Sunday, March 31, 2013

Should we Change Our Laws and Accept Same Sex Marriage?

That’s the big question today confronting our citizens and the U.S. Supreme Court.

For thousands of years, most all traditions around the world have recognized marriage as between a man and a woman. Only in the last ten years or so, has there been a major effort to change our marriage laws to include same sex marriage, mainly endorsed, quite naturally, by the homosexual community. It seems that gays are no longer seeking tolerance in America, they are seeking approval of their lifestyle. They are using gay marriage as a means of achieving that approval. In the process, they have demonized the opposition by using terms like bigot and homophobe, and it seems to be working.

Our marriage laws spring from a system of values and beliefs i.e., every law that is passed is an instance of legislating morality. A nations laws help shape the beliefs, character, and actions of its citizens. It’s impossible to separate morality from law. To argue that homosexual behavior should be viewed and treated the same as heterosexual behavior suggests that a person has adopted a moral position. And to call me, and others, a bigot for not agreeing with their moral position on homosexual behavior, is a moral judgment.

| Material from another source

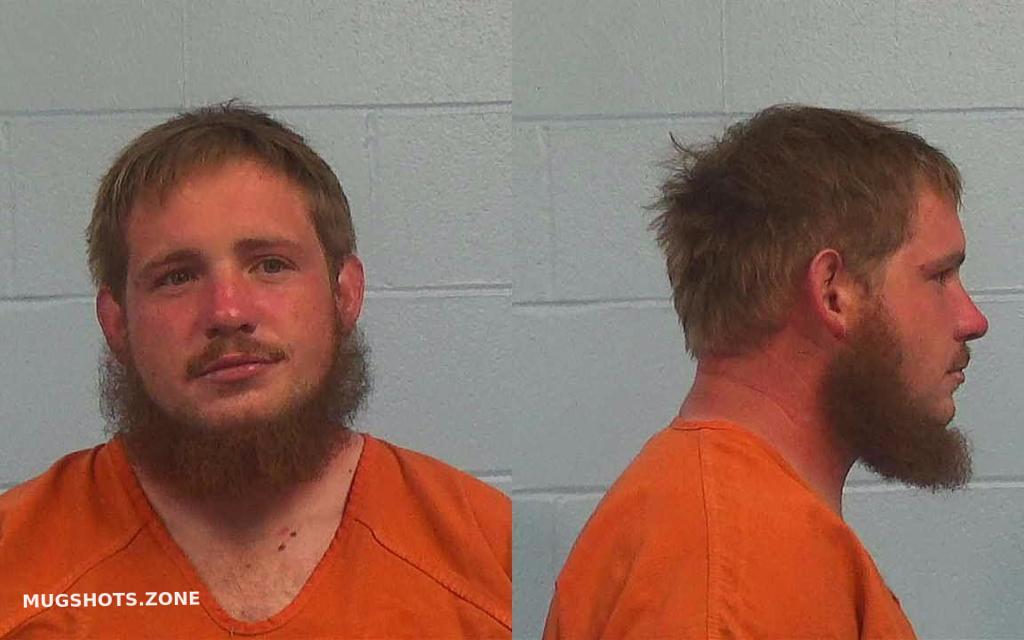 DRINKWATER CHAD CHRISTOPHER 08/23/2023 Williamson County Mugshots Zone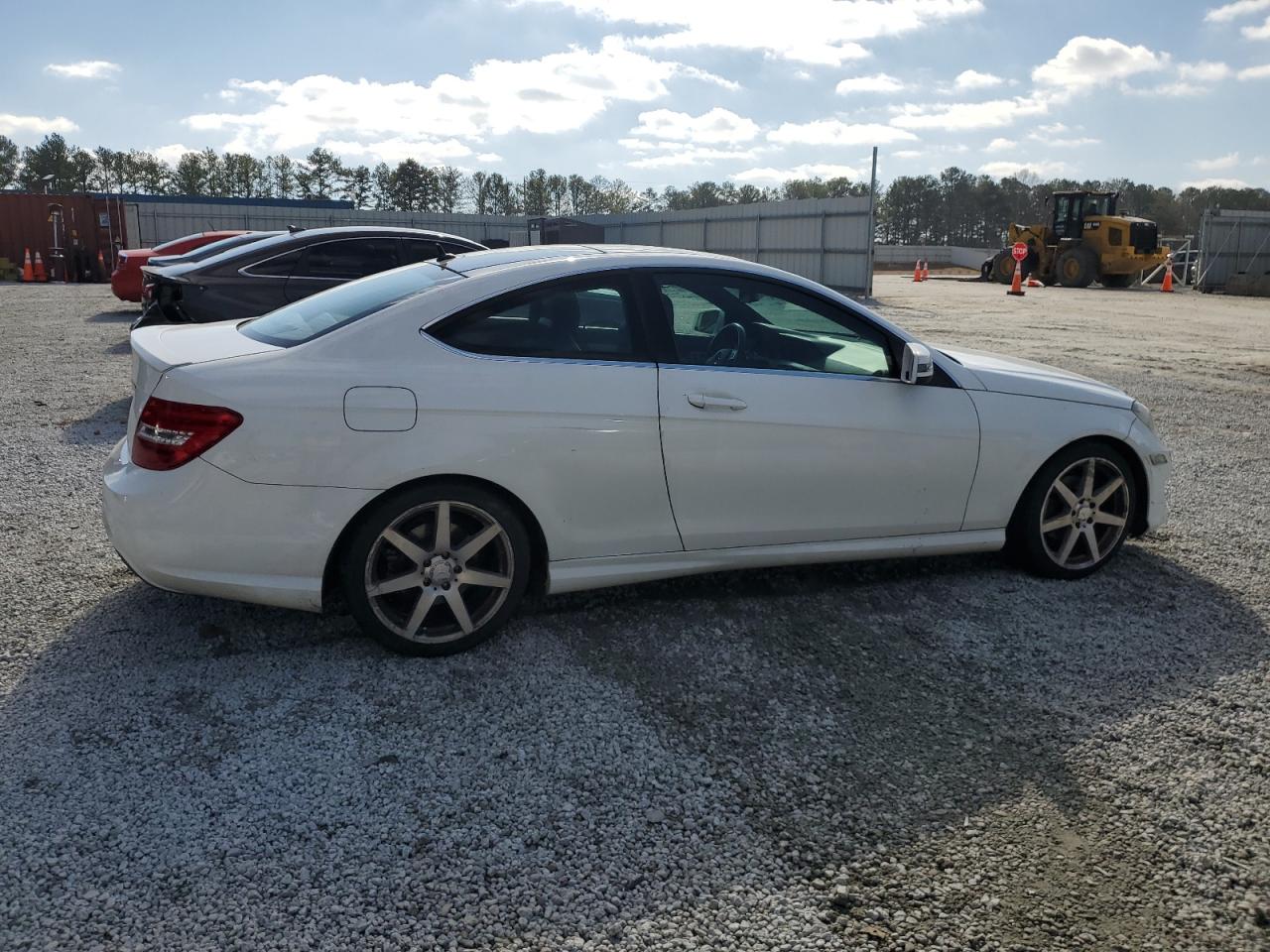 2013 Mercedes-Benz C-klasse - Image 3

By trying to change the laws regarding marriage, you are insisting on imposing your morality on the rest of us. The question is, does your morality strengthen the social fabric and further the cause of personal freedom and individual liberty or would it destroy society and undermine liberty.

Firstly, the government doesn’t force anyone to get married. Secondly, no one has a “right” to get married because marriage is not a human right, it is a privilege, even for homosexuals. Government rightly discriminates regarding the privilege of marriage, which means it’s not unreasonable for society to place restrictions on marriage to serve its best interests i.e., the encouragement of children and families. The argument that current marriage laws “discriminate” against homosexuals confuse discriminations among different kinds of behavior, what other purpose does law have? While people are treated the same, all their behaviors are not.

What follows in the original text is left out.